Restricting access to facilities, server rooms, and endpoints is another key layer of defense in the battle against data theft and security breaches. MSPs themselves are particularly vulnerable since they touch multiple enterprises from a single location, so utilizing proper procedures at their own offices is just as valuable as imploring clients to do the same.
Change The Dynamic By Changing The Defaults.
Customers are entrusting their mission-critical applications to MSPs with the expectation that the MSPs are doing everything possible to protect their systems and data.
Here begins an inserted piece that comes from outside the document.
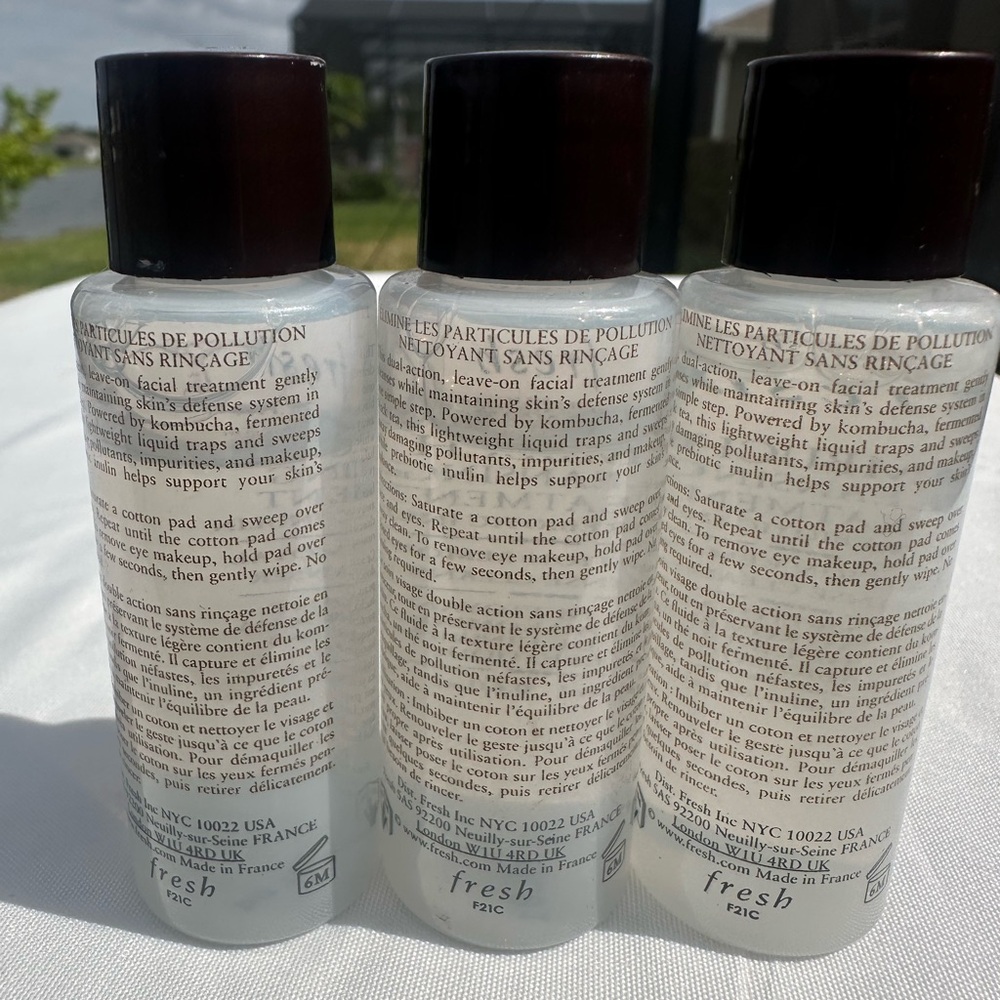 Fresh White Cleanser & Exfoliant: Bundle of 3!!! 20ml NEW - Picture 2 of 6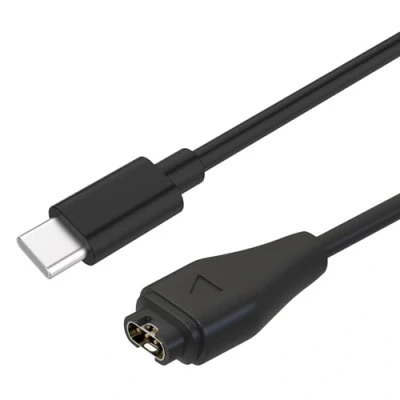 Abbildung von Ladegerät kompatibel mit Garmin Fenix 8 E 7 6 Forerunner 955 965 Approach Quatix Vivosport Instinct USB Kabel 100cm Ladekabel Ersatz für Ladeadapter Ladestation Aufladekabel Adapter PHONILLICO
These clients will most likely go along with their MSPs recommendations, so starting from a position of strength instead of making security best practices optional is a winning position for all parties.
Instead of requiring customers to opt IN to better security mechanisms (such as two-factor), MSPs should instead make their clients opt OUT. Many will not even question if all this security is mandatory and simply go along with what’s in the standard package.
For those customers who will want to remove some of these best practices, it will require a conversation with their MSP to ensure they fully understand what they’re asking for and the inherent risks and dangers of that decision. This might be tricky to implement, as MSPs are often in “sales mode,” where the customer is always right, but this must be non-negotiable if MSPs are to adequately protect their clients and themselves.
It might feel awkward to be so demanding of customers, as MSPs generally want to reduce friction and appear easy to work with. But the risks are simply not worth the reward when you’re talking about opening yourself up to unnecessary weak spots in security.
The other piece of the equation MSPs can influence is education. Ideally, every employee would already be well-versed in all things security, but this is unfortunately not the case. Instead, they need both initial education and continual reminders of how to manage their personal information and credentials.
To create a culture of security, MSPs can offer education platforms such as ID Agent’s BullPhish (which provides ongoing reminders and awareness via articles and videos that speak directly to end users) to get employees up to speed on protecting their company data. Without the proper context, employees tend to ignore security because they’re simply unaware of the breadth and scope of threats to their employers.
Once empoyees understand the situation, they’re typically eager to participate. By actively involving employees in security, they shift from risk factors and weak points to a network of sensors on the edges, helping to identify possible holes in a company’s defenses.
Don’t Wait For Something Bad To Happen.
Proactive, preventive measures are the best defense against security threats. MSPs simply cannot afford to wait for an incident and then react after the fact. Not only can it damage reputations and customer relationships, but it can also put an MSP out of business permanently.
Security is no longer optional, which means MSPs must take a hard line with customers and prospects for everyone’s sake. No deal is worth destroying the entire business, and proper security requires the active involvement of every employee, not just the IT department.